Answer: A legal battle that will cost the losing party millions.
Award winning comedian Dave Griffiths makes his Edinburgh Fringe debut with a one-man show that recounts, first hand, his experience of fighting for his right to wear and trade King Cnut Clothing against the global fashion giant French Connection.
Dave Griffiths was establishing himself on the stand-up circuit whilst building his newly founded fashion label King Cnut Clothing, when French Connection threatened him with legal action. His offence? Wearing a T-shirt displaying an acronym which could be interpreted as a salacious word, alongside the words 'French Correctio'.
The company demanded he cease wearing the T-shirt with immediate effect and pay to them any profits gained from selling the offending item. Dave stood his ground. Some would call him foolhardy, his actions ill conceived, but for Dave it was a matter of principal. No one had the right to tell him, or anyone for that matter, what not to wear, and since when did French Connection own 'Correction', as well as every acronym? C U In Court is the incredible story of what happened next.
Truth is stranger than fiction and in the case of King Cnut v FCUK the facts take on comedic proportions. With the foresight to record every conversation and keep every written document, Dave Griffiths, the artful dodger of trademark law, presents his case to the audience. It is a story of David and Goliath proportions that begins with a letter of intimidation from one of the most reputable law firms in the world, and ends with the withdrawal of thousands of clothing lines from French Connection's stores worldwide, at a cost of millions to the company.

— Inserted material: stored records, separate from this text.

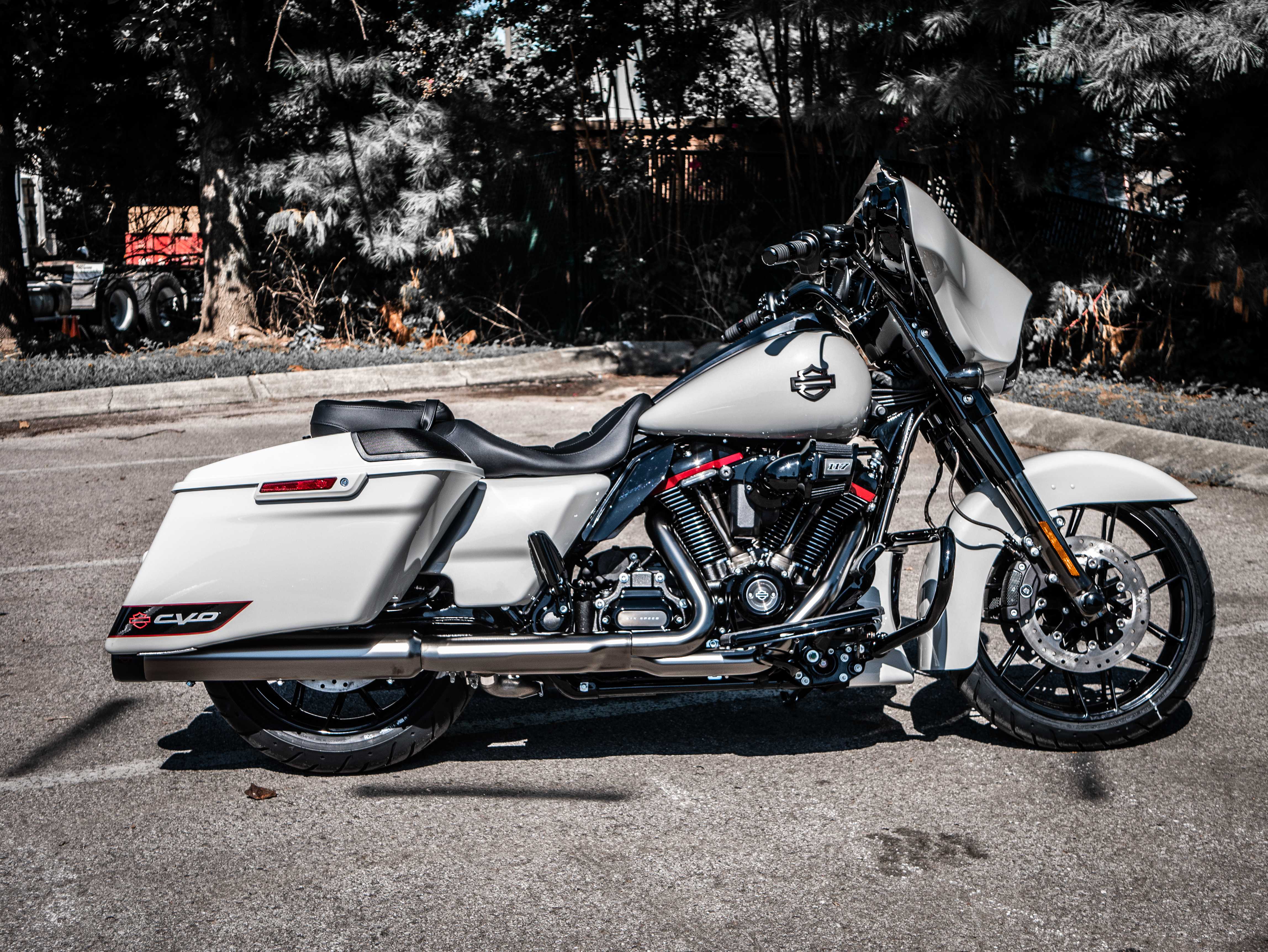 Harley-davidson cvo road glide custom fltrxse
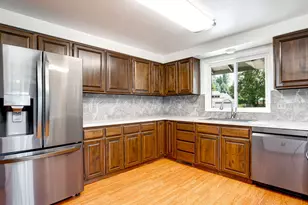 1635 SE Queenborough Ct, McMinnville, OR 97128 - Photo 13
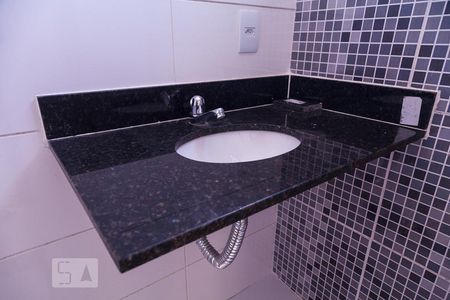 banheiro suite 2 de casa de condomínio à venda com 2 quartos, 70m² em Todos Os Santos, Rio de Janeiro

Dave Griffiths took his first steps as a stand-up comedian performing at open mic nights and after winning ITV's Take The Mike he gave up the day job to focus on his comedy career. Regular performances at the UK's top comedy clubs followed, and from 1998 - 2000 he was part of the writing team on Channel 4's BAFTA nominated satirical comedy series, The 11 O'clock Show, which launched the careers of Sacha Baron Cohen, Ricky Gervais and Mackenzie Crook. In addition to writing and performing, Dave is regularly invited to lecture on trademark law. He is the proud recipient of a Thames Valley Bravery Award for apprehending a robber who stole £22,000, and has climbed the Matterhorn.